▸ **WHAT TO DO**
In your copy of the records, include every word exactly and no pictures.

▸ **DATA EXCERPTS**
┄┄┄┄┄┄
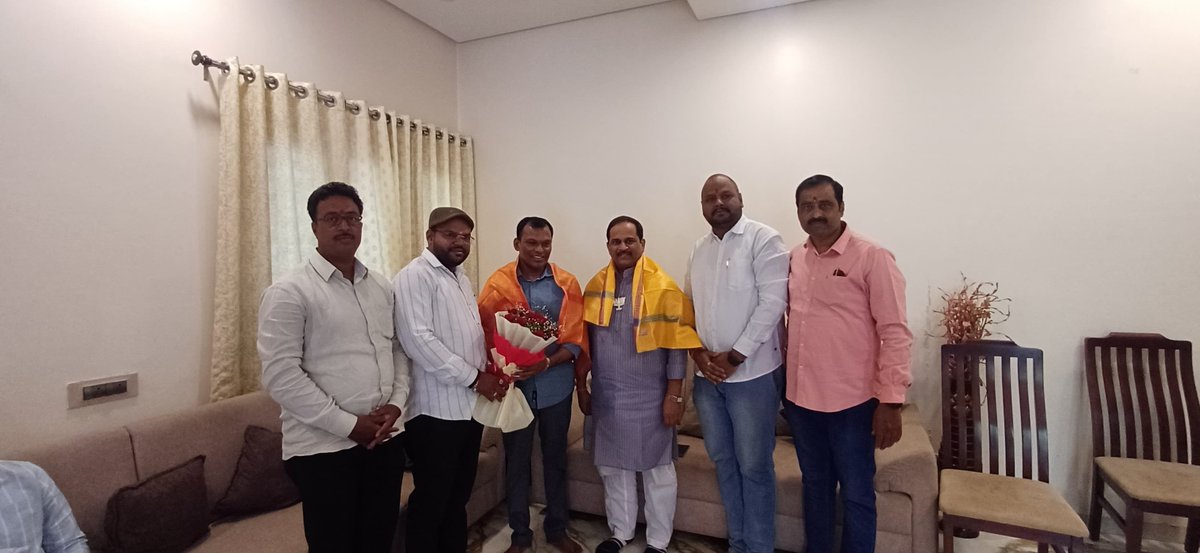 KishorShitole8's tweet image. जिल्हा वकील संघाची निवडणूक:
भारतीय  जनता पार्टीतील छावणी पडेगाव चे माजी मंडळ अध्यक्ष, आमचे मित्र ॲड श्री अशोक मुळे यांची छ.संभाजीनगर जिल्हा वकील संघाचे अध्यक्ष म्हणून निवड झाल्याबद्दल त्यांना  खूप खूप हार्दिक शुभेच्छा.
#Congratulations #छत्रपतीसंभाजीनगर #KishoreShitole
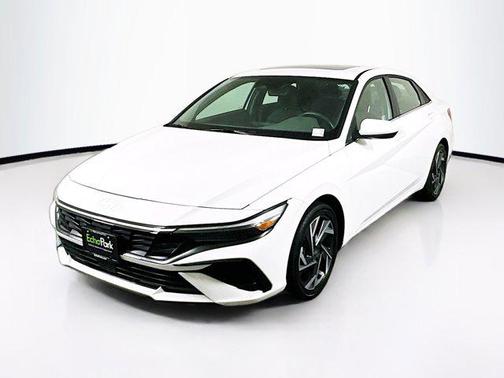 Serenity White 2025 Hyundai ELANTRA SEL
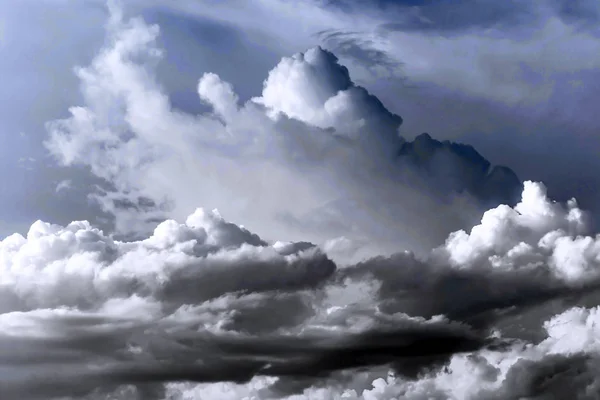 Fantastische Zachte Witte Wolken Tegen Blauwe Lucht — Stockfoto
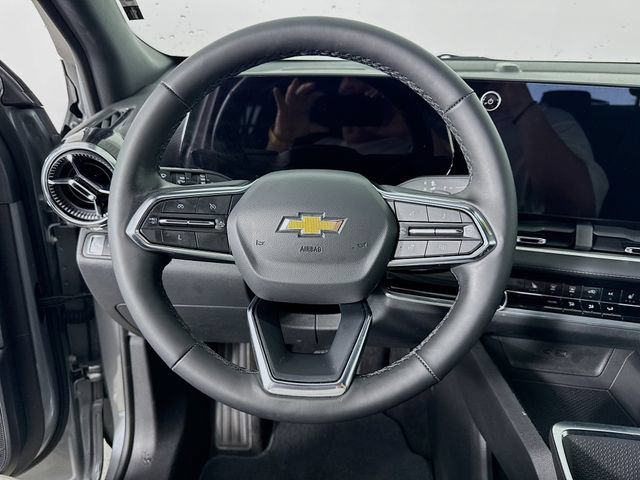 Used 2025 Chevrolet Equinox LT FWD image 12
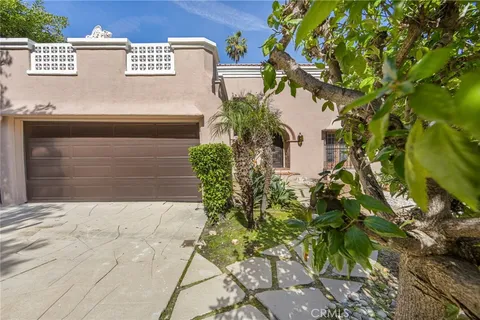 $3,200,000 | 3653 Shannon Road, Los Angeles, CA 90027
┄┄┄┄┄┄
▸ **ANSWER SECTION**
 KishorShitole8's tweet image. जिल्हा वकील संघाची निवडणूक:
भारतीय  जनता पार्टीतील छावणी पडेगाव चे माजी मंडळ अध्यक्ष, आमचे मित्र ॲड श्री अशोक मुळे यांची छ.संभाजीनगर जिल्हा वकील संघाचे अध्यक्ष म्हणून निवड झाल्याबद्दल त्यांना  खूप खूप हार्दिक शुभेच्छा.
#Congratulations #छत्रपतीसंभाजीनगर #KishoreShitole
 Serenity White 2025 Hyundai ELANTRA SEL
 Fantastische Zachte Witte Wolken Tegen Blauwe Lucht — Stockfoto
 Used 2025 Chevrolet Equinox LT FWD image 12
 $3,200,000 | 3653 Shannon Road, Los Angeles, CA 90027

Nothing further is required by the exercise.